As the police and EMU’s administration began their detective and rep
air work, and college students and faculty mobilized to respond, ECA’s staff and students also felt the need to speak out. Ms. Burki spearheaded a Unity Chalking event, covering the sidewalks around our building with positive messages to counteract the hate that had been painted there. The next week, Mrs. Jackson and our Student Leaders pulled together an event to celebrate our diversity and commit to protecting that diversity, entitled “Unity in the Community.” (See photo, right). A new awareness of the impact of blatant and ugly racism right here in our midst was inescapable.
Less than a month later, a smart, talented, and unforgettable ECA first-year student died by suicide at his home in Milan. For the first time in my nearly 20-year career, I was faced with the death of a current student—one who had already carved out a place of friendship and belonging for himself in our school with a physical, social, and intellectual presence that was huge.

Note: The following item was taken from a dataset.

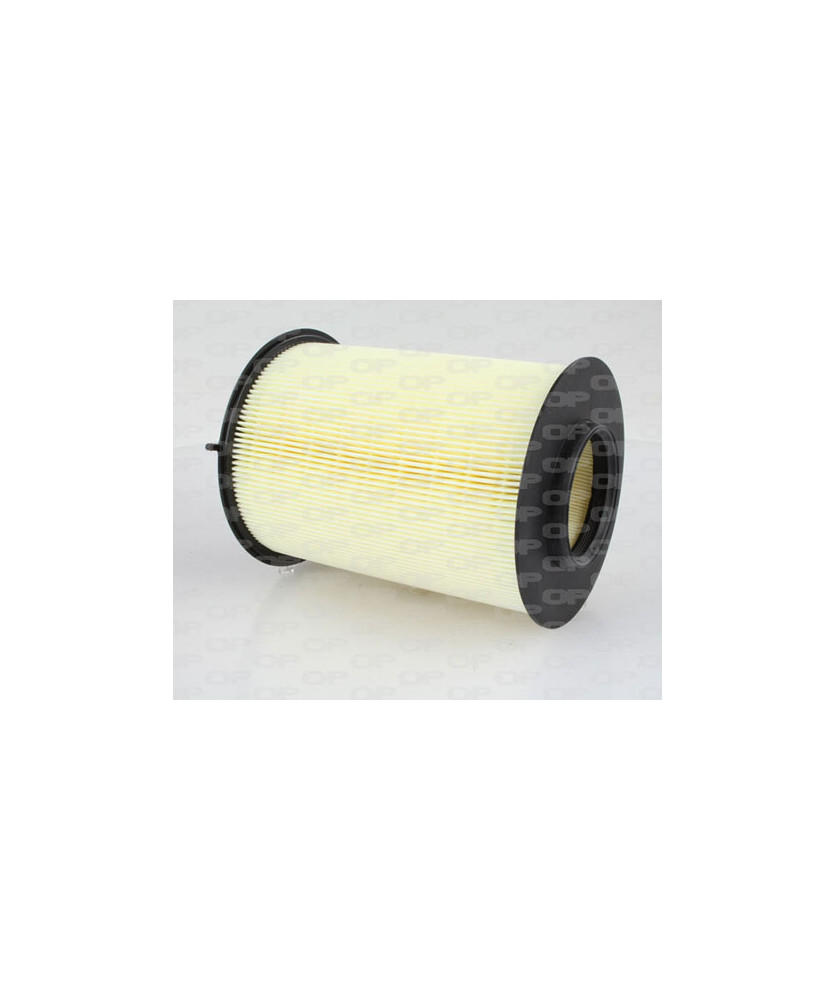 FILTRO ARIA  FOCUS II C-MAX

Teachers, themselves devastated by the news, read statements to inform students in ECA classes of Jonah’s death. Thus, supported by crisis responders from across the county, the grieving of our learning community began.
Still reeling from the loss of our student and attempting to regain our collective footing at a time of year that is incredibly intense in the best of times, a second racist graffiti incident took place on campus—just across the courtyard from King Hall. Protests and
teach-ins on our college campus gave rise to many classroom and office-hours conversations about racism, Black Lives Matter, social identity issues, politics in general and the 2016 Presidential election season in particular, and how to carve out and protect learning spaces that are physically and psychologically safe for all students. With these incidents fresh in their minds, our student representatives attended the 5th annual Washtenaw County Diversity Forum, and came away with the knowledge, skills, and passion to continue as leaders in diversity awareness and education at the ECA through our Diversiteam.

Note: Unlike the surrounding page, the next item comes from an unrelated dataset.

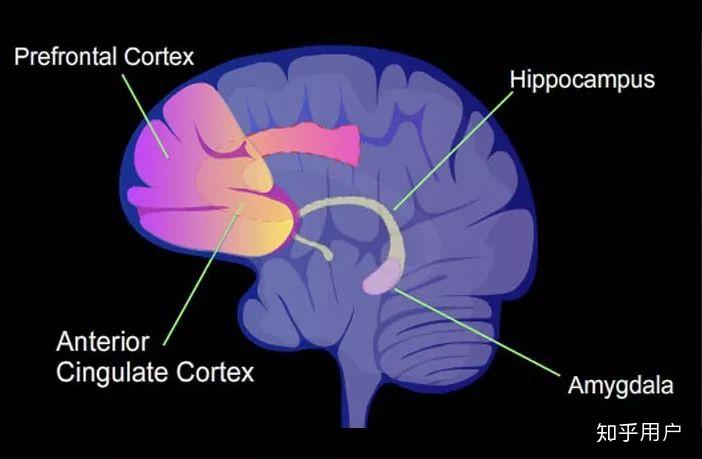 浅紫色部分为大脑前额叶皮层   psypost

Somehow, together we made it to the end of the fall semester—and to our Celebration on December 16. As the principal of this uniquely wonderful program, I was both excited and humbled as I walked the perimeter of the Ballroom, viewing the artwork that each ECA student contributed to the event as part of their final English classes. Students had been asked to design a visual representation of themselves (self-portrait) or of some aspect of the ECA program, focusing on capturing what this past semester has meant to them.
As this term has been an especially tough one, there was an explicit appreciation for the ways in which we have all been tested, individually and collectively. Many students expressed both visually and in words the impact that this intense term had on them—academically, emotionally, socially, and even physically. Common themes easily emerged as I took in images reflecting many of the values of this program: growth, hard work, interdependence (the theme for this school year), and diversity.
These themes were also reflected in the comments students made on the surveys they completed for their CLICK (Character, Learning, Involvement, & College Knowledge) class this semester. The “best things about the ECA” responses fell into categories where teachers who care/are good at teaching was the most common, and diversity & acceptance was next, followed closely by freedom, positive learning environment/good education, and, of course, free college!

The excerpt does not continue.